Thanks a lot of for your comment. I definitely missed the importance of where the broker is based on (US or Ireland)

In this case, the US ETFs cons get down to currency exposure (out of control and prediction), and dividend redistribution (better if it was not the case but it is definetely less worse than the other EU ETF taxation problems)

Thanks


----------



## Sarenco (15 May 2016)

Of course there is no guarantee that Irish brokers will continue to permit Irish residents to evade US estate tax in this manner in the future.  The IRS isn't entirely powerless in this regard.


----------



## Tastebuds (15 May 2016)

Sarenco said:


> Of course there is no guarantee that Irish brokers will continue to permit Irish residents to evade US estate tax in this manner in the future.  The IRS isn't entirely powerless in this regard.



Good point

That is the difficulty of long term investment strategy, that you can only plan with the information that you have today

For example, the result of currency exposure investing in US ETF is really big. Who knows what the USD-EUR exchange rate will be in the future? It could go either way: it you need to sell your US ETFs and convert back to EUR in 20y time you could erase all your profits or make a huge profit...

also, exit tax vs CGT: who knows what the rates will be in 20y time...the rates changed a lot in the last 10y, or even if revenue will maintain the current taxation process for ETFs...

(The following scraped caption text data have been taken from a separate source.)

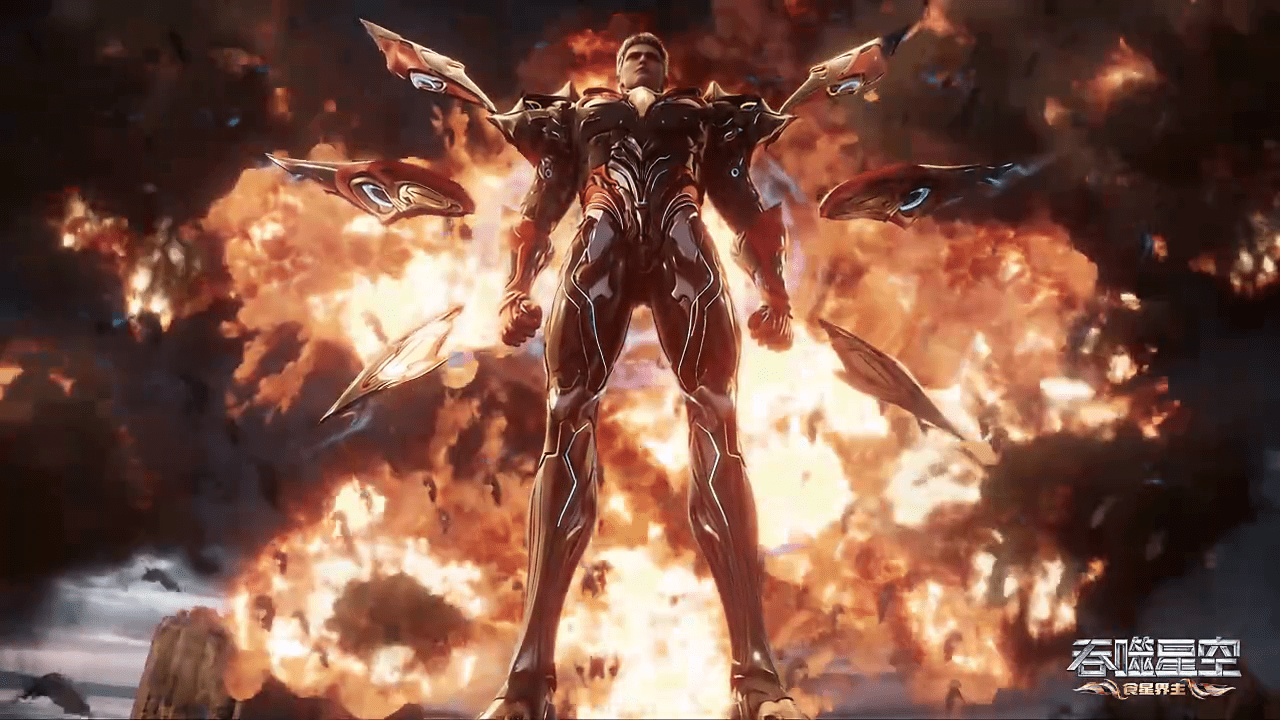 Watch Swallowed Star Season 4 EP 182 Multi Sub stream - myanimelive - animeflix - anime dekho - anime hindi - Toonstream - donghua stream - Rare toon india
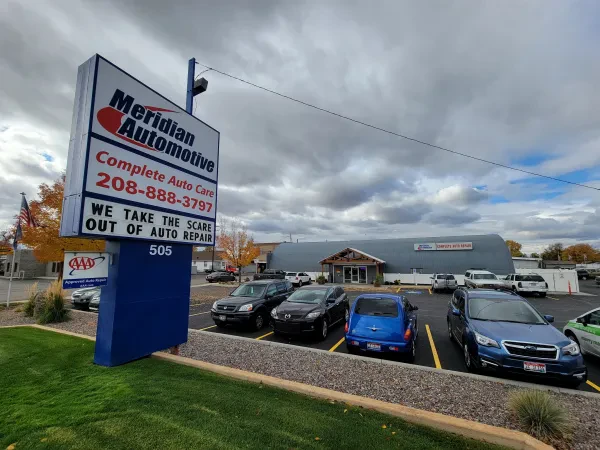 Meridian Automotive - photo 2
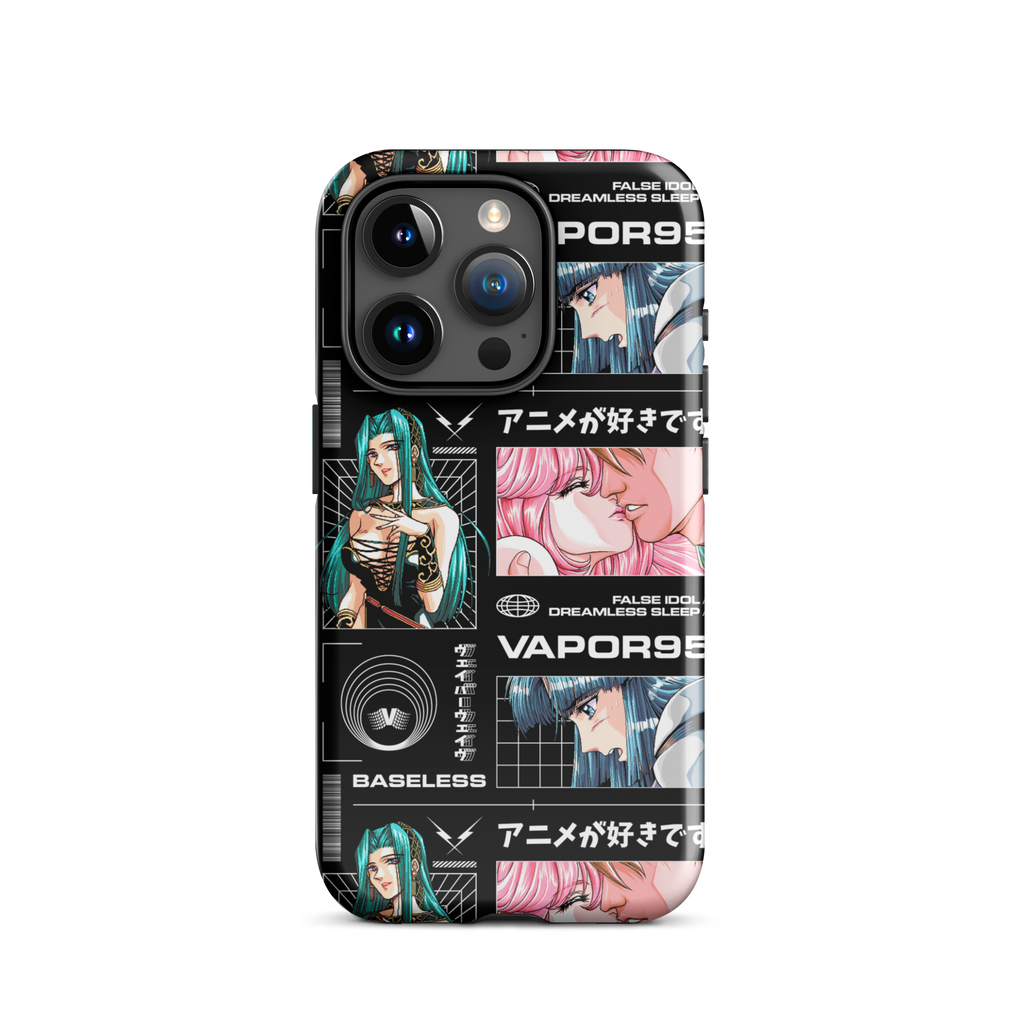 False Idol iPhone Case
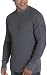 Nautica Jeans Men's Varigated Long Sleeve Crew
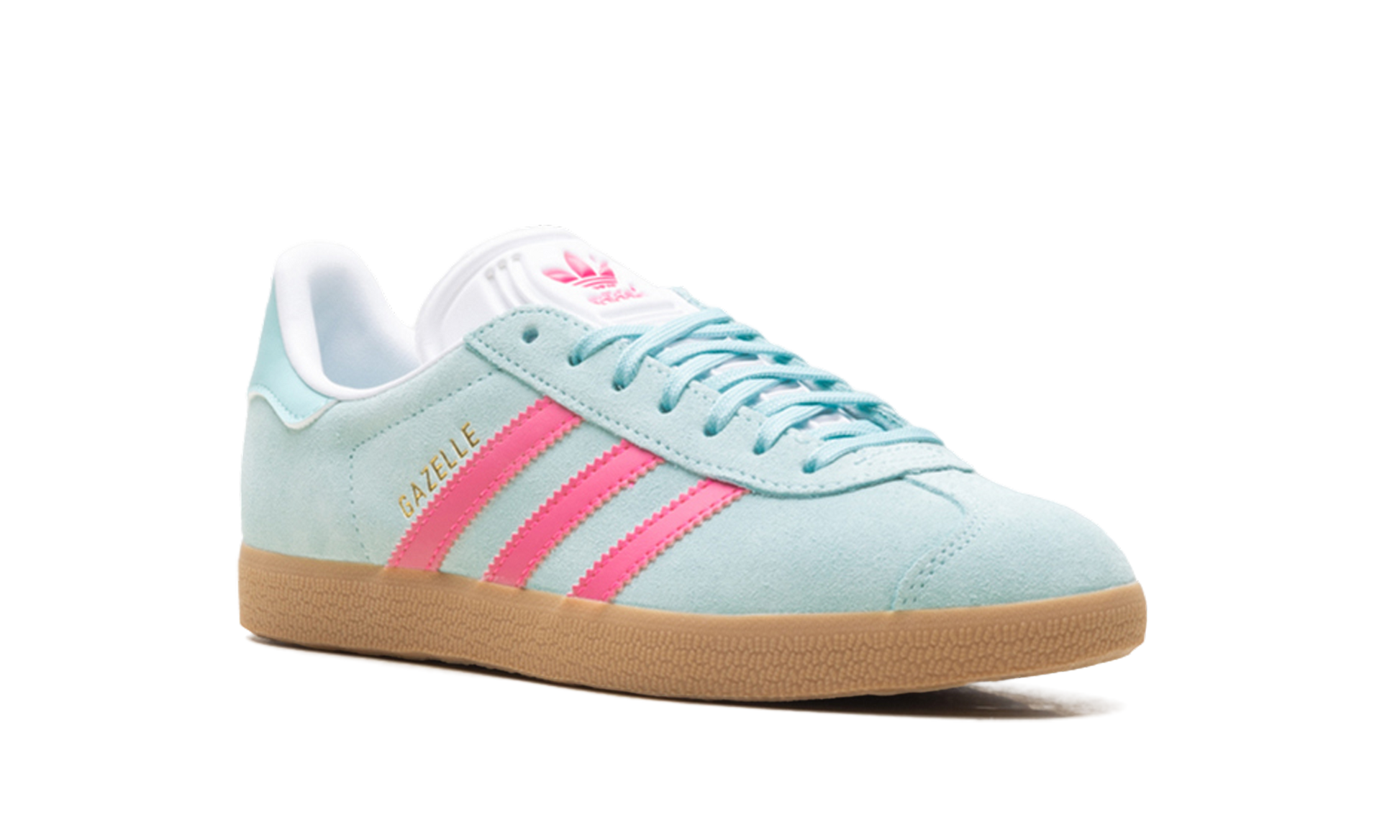 Gazelle Women "Flash aqua lucid pink" JI1375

the 8 years disposal rule... are we the only country doing that nonsense? Because if we are, there is also a chance that come common sense will change that in the future...


----------



## woi_doi (15 May 2016)

Tastebuds said:


> You are completely right. thanks for the correction!
> 
> 
> 
> ...




I personally believe that the only way forward is by passive investment and keeping your ongoing costs down to the minimum. UCITS should be the way to go but our government have decided to make that unworkable for us. The investment fee calculator at Buyupside (can't post the link) is handy for working out the true costs of things, especially useful for investing on the other side of the pond. Of course you have to add in currency conversion but with passive investing this can be minimised. Vanguard in general seem to fit the bill for me but they aren't the only ones and due diligence is required by anybody investing anywhere - especially outside the US. The USD-EUR doesn't worry me in the least, it will go up and down and maybe the euro would disappear altogether (unlikely in my opinion). I like to think those pesky dividends that accrue and are taxed are my little bit of insurance against currency fluctuations, at worst they provide a few bob extra for my holiday fund. Who knows what is going to happen in the future regarding legislation. It could change for the better if our government wakes up and allows us to utilise the products that were designed for Europeans to our advantage but for now, I feel it's better to do something, rather than nothing.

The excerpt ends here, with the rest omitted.